Commons:Batch uploading/New Orleans Bee

New Orleans Bee edit

Old newspapers of the en:New Orleans Bee

All editions are located at http://www.jefferson.lib.la.us/genealogy/NewOrleansBeeMain.htm - All are in the public domain

I crawled the collection and start to download all files (found 136.667 files, assume 60-80GB) --Slick (talk) 12:12, 11 August 2012 (UTC)[reply]
The files are PDFs with a single newspaper page, each. I am not sure how to upload the files. Upload as single PDF or try join them to a complete newspaper in a single PDF (thats really a big job und I am not sure I can do it well)? Or upload only single JPGs, created from the PDFs? But when convert, the quality will less than PDF. (I assume leave a PDF will be the best solution). --Slick (talk) 13:34, 11 August 2012 (UTC)[reply]
Which one is the correct licence template in this case? I guess PD US? --Slick (talk) 08:50, 13 August 2012 (UTC)[reply]
What about missing pages like as shown on the right? Upload this 'missing pages' too or should I try to remove them before upload. (In this case I am not sure I can catch all because have to check ~137.000 files manually). --Slick (talk) 09:19, 13 August 2012 (UTC)[reply]
All downloads are finished. There are no metadata in the files, so it's not possible to identify frontpages or pages from a single day. Only the year and month is known. So I suggest filenames in example: New Orleans Bee MONTH YYYY (NNN).pdf, i.E. New Orleans Bee - April 1917 (002).pdf or New Orleans Bee - January 1917 (011).pdf. Are there any hints? --Slick (talk) 12:18, 19 August 2012 (UTC)[reply]
To categorize the uploadet documents I suggest to add them to a categorie as the example New Orleans Bee MONTH YYYY, i.E. New Orleans Bee January 1917 (which is child of New Orleans Bee YYYY, i.E. New Orleans Bee 1927). Are there any hints? --Slick (talk) 12:18, 19 August 2012 (UTC)[reply]

Opinions edit

Even though some of the scans are lousy, I believe that Commons is the right place to archive them. Who knows how long JPL will keep the archive online? We have to remember that JPL is a public library and is subject to budget cuts. To make the hole thing usable, we should put the papers together in single .pdf/.djvu files by month, or even week. I don't think it is necessary to pool them together by date. In the end it doesn't matter. Some scans can also be uploaded as .jpg when there's a need/use for it. Like the one that's already online and announcing the entry of the US into WW I.

If I can be of any help - drop me a line. --Hedwig in Washington  (Woof?) 01:23, 21 August 2012 (UTC)[reply]

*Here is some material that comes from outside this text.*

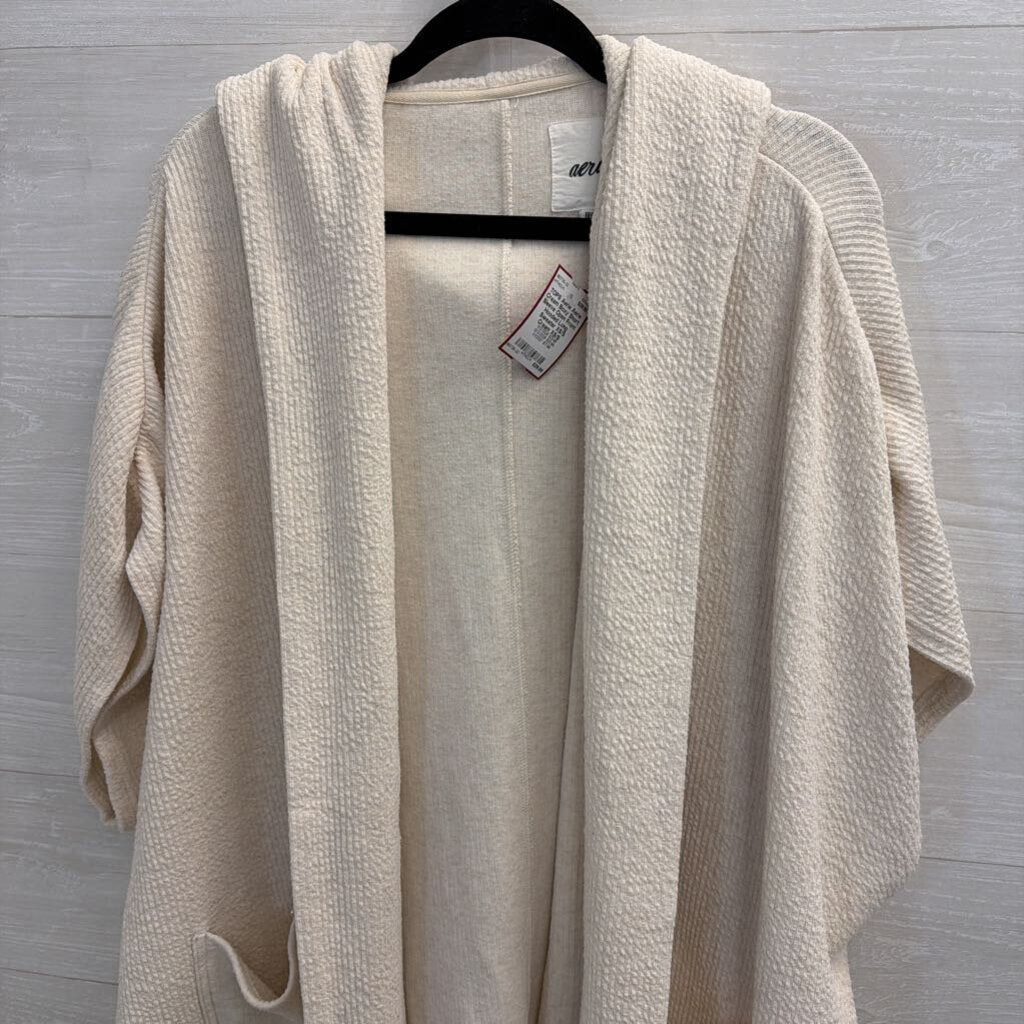 Aerie Cream Boxy Short Sleeve Open Front Hooded Long Sweater XS/S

I try to join the PDFs from several months to a single file. This result in single files by month >100MB which can not upload. To join them by week is not possible, because there are not metadata or like this to do this job with a script. (only manually is possible, but not for me). So I believe we have to upload them as single files. --Slick (talk) 16:01, 23 August 2012 (UTC)[reply]

I give it a try in the next couple of days. --Hedwig in Washington  (Woof?) 01:05, 24 August 2012 (UTC)[reply]
Any new opinions? What we do now? --Slick (talk) 17:11, 10 September 2012 (UTC)[reply]

I start the upload process now. The files are named: The New Orleans Bee <year> <month> <number>.pdf (example). They are in categories named: The New Orleans Bee <month> <year> (example). I need futhermore help to create the categories and the parents of them. The parent is by year The New Orleans Bee <year> (example) and the childs are the categories by month. The entire upload will take some time to complete, because there are a lot of files to upload. --Slick (talk) 20:51, 12 October 2012 (UTC)[reply]

There is a category for missing pages now (if found). --Slick (talk) 17:12, 13 October 2012 (UTC)[reply]
I found a solution to create the categories I need with a bot, so it is not nessesary to create them by hand now. Thanks. --Slick (talk) 22:04, 13 October 2012 (UTC)[reply]
Assigned to Progress Bot name Category
Slick done Slick-o-bot Category:The_New_Orleans_Bee_by_year